Mais ici, quelques précisions biographiques semblent s’imposer. Et d’abord, la genèse d’Israël en Egypte est l’histoire d’une résurrection : celle qui rendit à la musique le Caro Sassone lui-même. A cette époque (vers 1735), Haendel qui vient d’avoir cinquante ans, connaît des moments difficiles : ennuis d’argent, notamment, auxquels s’ajoutent la concurrence (celle de Porpora et de Hasse sur le terrain de l’opéra italien) et les cabales. Courageusement, il fait face, mais de graves problèmes de santé surgissent alors, dont une attaque avec paralysie, suivie d’un état dépressif qui va l’éloigner de toute activité musicale (dont la composition).
C’est alors que le miracle survient avec une cure aux eaux d’Aix-La-Chapelle d’où il rentre revigoré et ayant retrouvé l’inspiration. Deux chefs-d’œuvre, écrits d’un seul trait, sont le fruit de cette guérison inespérée : Saül et surtout Israël en Egypte, composé en 4 semaines, du 1er au 28 octobre 1738 ! Une épopée collective que certains ont baptisé « l’oratorio des oratorios » (le Messie étant hors concours, bien sûr) et qui conte en quelque 28 choeurs l’histoire d’un peuple, et non d’un homme.

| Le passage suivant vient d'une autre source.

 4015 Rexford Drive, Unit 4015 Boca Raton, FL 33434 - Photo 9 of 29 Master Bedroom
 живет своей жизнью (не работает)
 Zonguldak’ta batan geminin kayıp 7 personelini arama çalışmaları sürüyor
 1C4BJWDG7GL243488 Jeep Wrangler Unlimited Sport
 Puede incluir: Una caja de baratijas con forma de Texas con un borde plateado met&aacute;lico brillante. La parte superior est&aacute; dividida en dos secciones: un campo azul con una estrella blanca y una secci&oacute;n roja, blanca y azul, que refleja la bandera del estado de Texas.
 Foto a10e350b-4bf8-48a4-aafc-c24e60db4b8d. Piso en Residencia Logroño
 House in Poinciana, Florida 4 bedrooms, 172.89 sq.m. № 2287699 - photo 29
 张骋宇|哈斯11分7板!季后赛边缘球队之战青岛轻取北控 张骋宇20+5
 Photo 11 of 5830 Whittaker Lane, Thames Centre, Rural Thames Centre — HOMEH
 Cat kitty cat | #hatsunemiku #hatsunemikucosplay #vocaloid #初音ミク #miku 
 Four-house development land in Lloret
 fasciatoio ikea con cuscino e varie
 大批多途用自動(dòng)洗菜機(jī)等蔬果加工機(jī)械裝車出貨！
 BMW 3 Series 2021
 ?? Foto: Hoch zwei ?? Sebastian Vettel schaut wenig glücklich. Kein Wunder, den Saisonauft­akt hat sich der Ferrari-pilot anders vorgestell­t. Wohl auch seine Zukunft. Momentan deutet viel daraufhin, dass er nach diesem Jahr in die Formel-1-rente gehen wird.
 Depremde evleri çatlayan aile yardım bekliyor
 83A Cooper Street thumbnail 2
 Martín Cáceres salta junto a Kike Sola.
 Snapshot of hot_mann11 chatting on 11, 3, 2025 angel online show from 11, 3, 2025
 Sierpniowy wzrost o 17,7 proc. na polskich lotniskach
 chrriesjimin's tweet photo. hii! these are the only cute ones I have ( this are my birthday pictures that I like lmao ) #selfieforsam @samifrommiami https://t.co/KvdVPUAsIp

Une tradition non vérifiée prétend que c’est le musicien lui-même qui en rédigea le livret, compilant en l’occurrence le texte de l’Exode et les psaumes 78, 105 et 106. En tout cas, partagée en 2 volets : l’Exode et le Cantique de Moïse, la partition est un bonheur permanent pour Arsys et son directeur charismatique qui, avec la complicité de l’inattendu, mais méritant Orchestre Baroque de Séville, chassent une fois encore sur leurs terres d’élection, portés par une ferveur première qui rend vaine toute querelle d’interprétation entre les approches jugées traditionnelles et une lecture supposée « d’époque ».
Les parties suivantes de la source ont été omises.